Lors d’une déclaration de presse tenue ce mardi 14 avril, le Coordonnateur de l’intersyndicale, Jean-Fidèle Boyoo, a averti l’exécutif national qu’en cas d’échec du dialogue, les syndicats du secteur de la santé envisagent une grève sur l’ensemble du territoire pour faire valoir leurs droits.
Il a expliqué : « L’Intersyndicale du secteur santé, consciente des conséquences néfastes d’une décision grave comme la grève, a saisi la Première ministre pour solliciter une audience. » Selon lui, cet échange avec la cheffe du gouvernement pourrait permettre d’apaiser les tensions croissantes entre le banc syndical et l’État et, surtout, de protéger la population des répercussions d’un conflit social.

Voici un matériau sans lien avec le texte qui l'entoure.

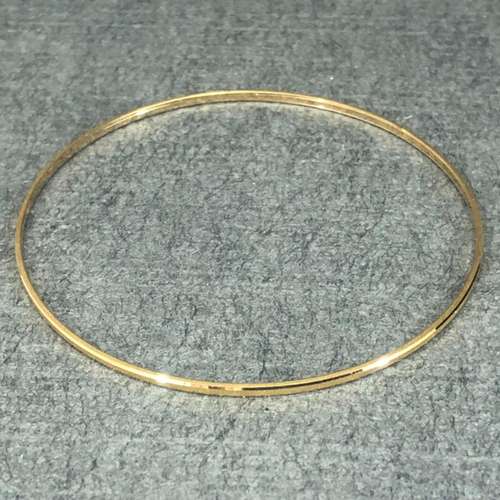 النگو طلا 18 عیار زنانه دوست خوب مدل dk237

« Nous voulons à tout prix connaître les raisons qui ont conduit à ne pas intégrer cette paie à la paie ordinaire », a ajouté Jean-Fidèle Boyoo. Il a prévenu que si la Première ministre n’accorde pas cette audience, l’intersyndicale fera du peuple congolais le témoin de la montée en puissance de leurs actions, qui pourraient déboucher sur une grève générale, soit un mouvement de masse.
Alors que l’intégration de la paie complémentaire demeure au cœur des préoccupations, son paiement au cours du premier trimestre de 2026 n’a pas été honoré par le gouvernement. Le comité dirigeant de l’intersyndicale appelle les agents et cadres du secteur de la santé à rester sereins et à faire confiance aux démarches en cours en vue d’obtenir gain de cause.